▼▼▼

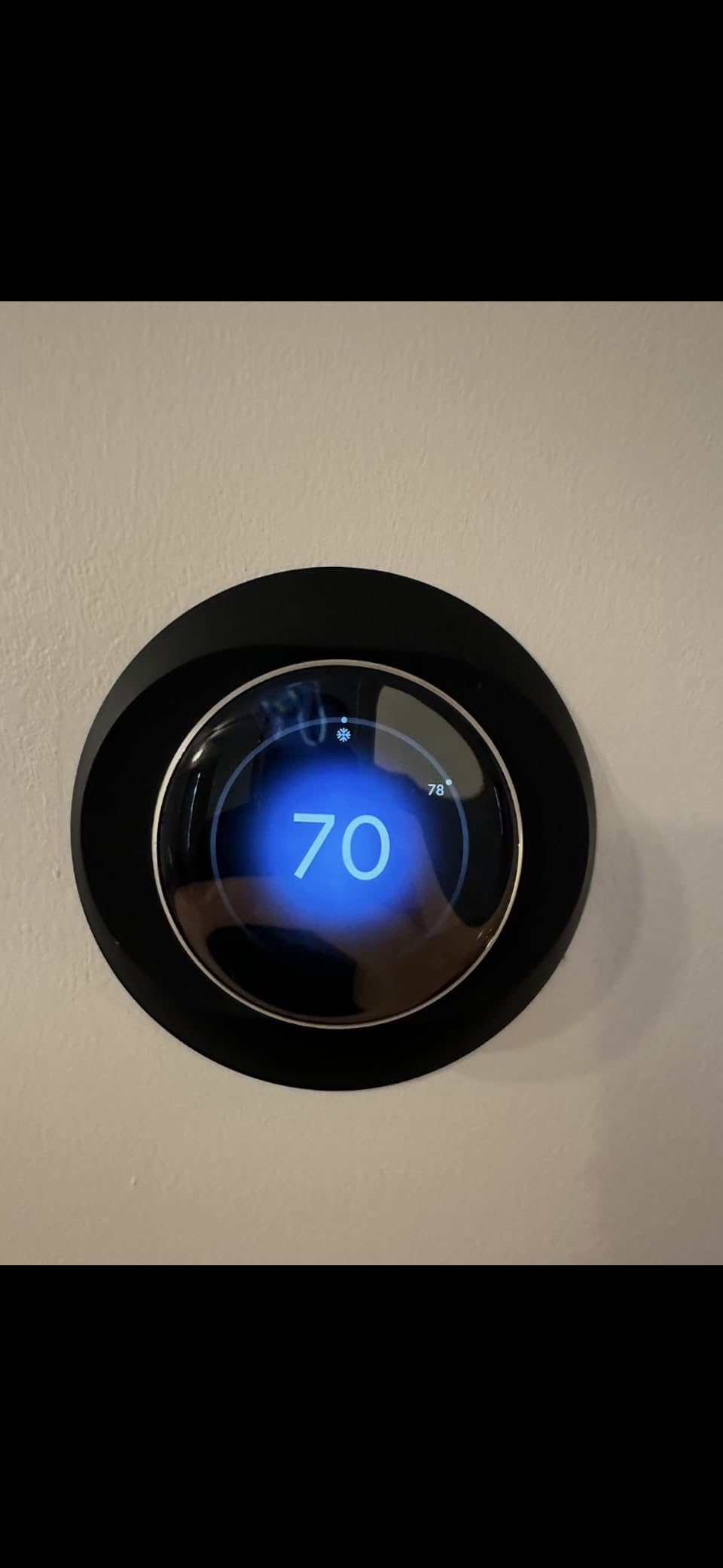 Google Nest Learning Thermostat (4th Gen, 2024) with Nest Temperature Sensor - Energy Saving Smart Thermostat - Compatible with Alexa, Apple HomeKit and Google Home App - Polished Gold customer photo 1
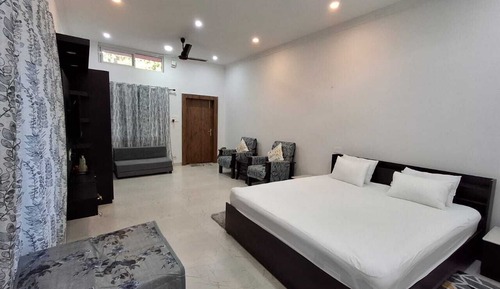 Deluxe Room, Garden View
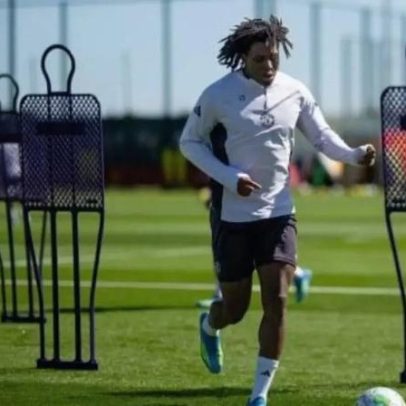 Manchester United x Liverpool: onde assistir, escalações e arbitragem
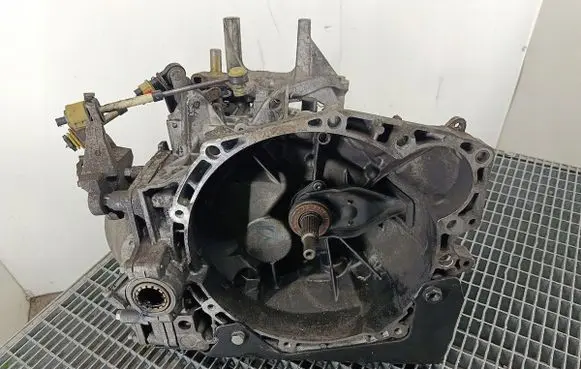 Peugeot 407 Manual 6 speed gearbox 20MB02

▲▲▲
▼▼▼

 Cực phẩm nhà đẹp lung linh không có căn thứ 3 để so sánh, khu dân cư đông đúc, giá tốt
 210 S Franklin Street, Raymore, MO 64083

▲▲▲
▼▼▼

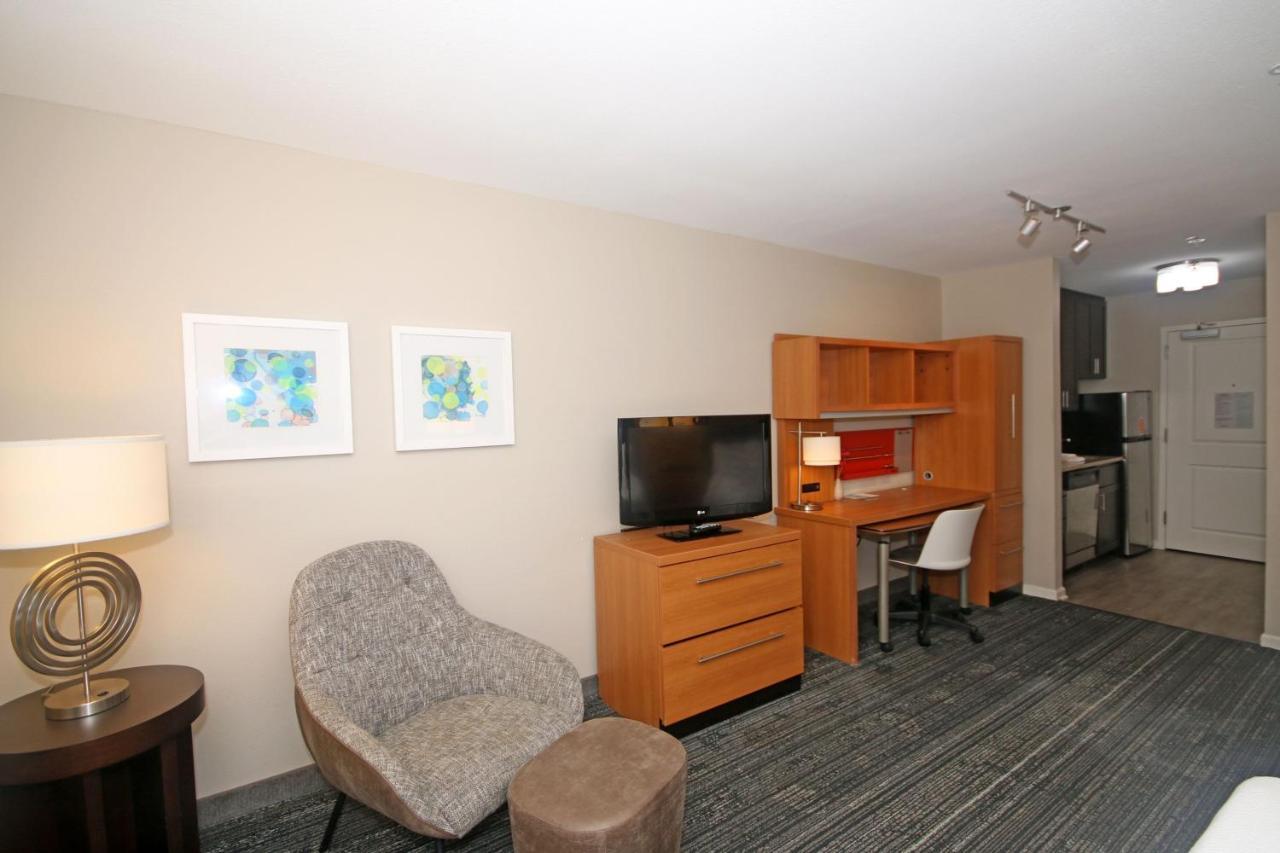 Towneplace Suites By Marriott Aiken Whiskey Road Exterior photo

▲▲▲

The copy should hold only the lines from the one with "Deluxe Room, Garden View" through the one with "Peugeot 407 Manual 6 speed gearbox 20MB02", exactly as they stand above. Leave out the pictures.

▸ **Exercise solution**
 Deluxe Room, Garden View
 Manchester United x Liverpool: onde assistir, escalações e arbitragem
 Peugeot 407 Manual 6 speed gearbox 20MB02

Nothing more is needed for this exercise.